Los primeros pasos me llevan en un viaje de 4 segundos a las
frías latitudes nórdicas dejando atrás, con verdadero placer por mi parte, los
rigores de las calles hispanas abrasadas. Inmediatamente después, recibo una
bofetada olorosa que emborracha mi pituitaria con perfumes intensos y galantes
que no soy capaz de mientras el agua de colonia me transporta a una campiña francesa
salpicada de flores silvestres. No me sitúo pero me dejo llevar con sumo
placer. Tomo una escalera mecánica y desemboco en un espacio inmenso dedicado a
todo tipo de tejidos. Lo reconozco, manoseo y toquiteo todo. Los ásperos linos, los ligeros algodones, la
seda suave que se escurre entre mis dedos y no consigo empatizar con el
sintético suave de la lycra, y como todavía hay rebajas, me pruebo una prenda
de lana confortable que ya empiezo a necesitar con la temperatura reinante. Hace ya un ratito que siento un zumbido en los
oídos que entorpecen mi experiencia sensorial de hoy ¡Qué mema! No me había
dado cuenta de que la empresa, velando por sus queridos clientes, nos regala
avisos constantes sobre las grandes oportunidades que pone a nuestro alcance y que
de ninguna manera debemos desoír.
¡Ay! Qué mi estómago comienza e emitir sonidos que se
mezclan con la megafonía. Rápidamente me voy a la zona del supermercado. Mis
papilas gustativas, que tienen más memoria que la neurona que crío con mimo y
dedicación, ya disfrutan ante los estantes llenos de las grandes delicatesen
que nos ofrece el cerdito hispano y anticipan los placeres que crecen en las
huertas vecinas. Vuelvo a ascender por el edificio y desemboco en la zona de
baño, apropiado para estas fechas. Ya tengo la guardia baja, pero acabo de
sumergirme en un cuadro de Matisse. Bikinis y bañadores compiten con un
colorido furioso. Rojos encendidos, rosas flúor, amarillos eléctricos, verdes
centelleantes, naranjas fosforescentes, azules infinitos… cuando consigo
desviar la mirada de este despliegue que hubiesen hecho palidecer a los
fovistas, estoy absolutamente mareada. No sé cuánto tiempo llevo en este
mercado persa occidental, en este centro temático del consumismo. Han podido
pasar horas, días. He caído rendida ante el embrujo del marketing de última
generación, y ante tal esfuerzo sensorial he quedado rendida.

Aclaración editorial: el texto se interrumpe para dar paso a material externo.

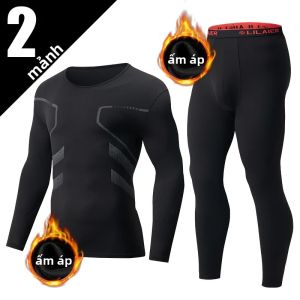 Bộ Đồ Tập Thể Thao Nam 2 Món Áo Thể Thao Cổ Tròn Chất Liệu Polyester Mềm Mại Giữ Ấm Thích Hợp Cho Mùa Thu Đông.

¡Necesito ayuda! ¿Hay alguien
ahí? Al igual que uno de esos personajes de El angel exterminador de Buñuel que llegaban a la puerta y como
víctimas de un embrujo, no podían salir de la casa en la que se encontraban,
así me encuentro yo, plantada en la puerta de salida. Mientras lo intento mi
cabeza gira inconscientemente hacia un lado y veo en una de las televisiones a
la venta un fantástico documental ¡estoy perdida! ¡Socorro!